GOP Debates Scaling Back the Corporate Tax Cut

Republicans negotiating a final GOP tax bill are reconsidering proposals to shrink the plan’s corporate tax cut amid ferocious opposition from Senate Republicans as well as outside conservative and business groups. Both separate bills that passed the House and Senate would lower the corporate tax rate from 35 percent to 20 percent. But lawmakers negotiating the final bill have considered raising the corporate rate to 22 percent, raising new revenue that they would use to offset other changes they plan to make in the final package.

U.S. Federal Corporate Tax Rate from 1920 to 2017


source: tradingeconomics.com

On Friday, a conservative advocacy group tied to the Koch brothers criticized Republican officials for considering the diminished corporate tax cut.

“Including a corporate tax rate any higher than 20 percent would be a last-minute deviation from the unified framework, and would weaken the pro-growth aspects of the legislation.”

“Congressional leaders should stick to their vision for a tax code that improves the well-being of all Americans, and hold firm on a 20 percent rate that gives Americans confidence that the days of being average are over,” said Nathan Nascimento, executive vice president of Freedom Partners, in a statement. “Including a corporate tax rate any higher than 20 percent would be a last-minute deviation from the unified framework, and would weaken the pro-growth aspects of the legislation.”
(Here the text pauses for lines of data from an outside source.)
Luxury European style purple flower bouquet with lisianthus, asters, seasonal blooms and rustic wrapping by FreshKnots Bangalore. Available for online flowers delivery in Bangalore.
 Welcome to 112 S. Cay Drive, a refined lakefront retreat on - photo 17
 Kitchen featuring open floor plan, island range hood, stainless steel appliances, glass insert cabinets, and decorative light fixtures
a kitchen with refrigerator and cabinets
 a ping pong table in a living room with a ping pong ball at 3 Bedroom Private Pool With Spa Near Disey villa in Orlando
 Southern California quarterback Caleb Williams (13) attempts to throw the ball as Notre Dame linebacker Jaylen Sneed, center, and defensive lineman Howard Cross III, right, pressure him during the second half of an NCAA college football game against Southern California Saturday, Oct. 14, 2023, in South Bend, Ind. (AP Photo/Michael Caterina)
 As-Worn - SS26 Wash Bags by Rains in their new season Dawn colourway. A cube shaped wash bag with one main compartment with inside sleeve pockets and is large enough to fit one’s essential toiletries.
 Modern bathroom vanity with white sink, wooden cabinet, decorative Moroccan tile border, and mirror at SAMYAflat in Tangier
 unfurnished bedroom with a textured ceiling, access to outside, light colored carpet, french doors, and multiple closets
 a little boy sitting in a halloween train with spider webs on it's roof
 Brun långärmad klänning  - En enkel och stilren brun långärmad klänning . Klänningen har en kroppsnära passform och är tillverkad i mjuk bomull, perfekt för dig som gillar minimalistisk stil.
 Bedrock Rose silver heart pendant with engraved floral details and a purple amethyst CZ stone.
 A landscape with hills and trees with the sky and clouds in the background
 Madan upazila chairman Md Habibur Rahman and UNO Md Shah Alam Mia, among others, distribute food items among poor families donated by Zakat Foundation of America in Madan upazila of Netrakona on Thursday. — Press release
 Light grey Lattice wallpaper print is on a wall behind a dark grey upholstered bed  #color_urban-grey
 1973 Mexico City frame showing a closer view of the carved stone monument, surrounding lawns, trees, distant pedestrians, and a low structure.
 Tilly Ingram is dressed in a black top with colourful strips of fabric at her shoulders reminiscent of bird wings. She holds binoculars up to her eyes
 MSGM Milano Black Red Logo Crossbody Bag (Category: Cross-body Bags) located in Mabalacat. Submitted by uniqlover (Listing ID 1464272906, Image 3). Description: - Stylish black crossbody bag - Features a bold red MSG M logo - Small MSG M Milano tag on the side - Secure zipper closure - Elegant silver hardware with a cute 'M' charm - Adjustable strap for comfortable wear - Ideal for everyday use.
Senate Finance Committee Chairman Orrin G. Hatch (R-Utah) said earlier this week that he opposed raising the rate to 22 percent. “Not as far as I’m concerned,” he said. “It’s still 20.” Other Republican senators have also come out strongly against scaling back the corporate tax cut, even while acknowledging that the bill has problems that had to be resolved. “We’re far better off, for a lot of reasons, if we can hold it to 20, but we do have some challenges that we’ve got to work through,” Sen. Patrick J. Toomey (R-Pa.) said.

President Trump opened the door to the 22 percent corporate tax rate this past weekend. “It could be 22 when it comes out, but it could also be 20. We’ll see what ultimately comes out,” the president said. Trump had long demanded that the corporate rate go no higher than 20 percent, making his statements, which came hours after the Senate passed its version of the tax bill, a surprise to many in the GOP. White House officials later walked back that position, with Marc Short, the White House legislative affairs director, telling Reuters that the administration stands behind the 20 percent figure.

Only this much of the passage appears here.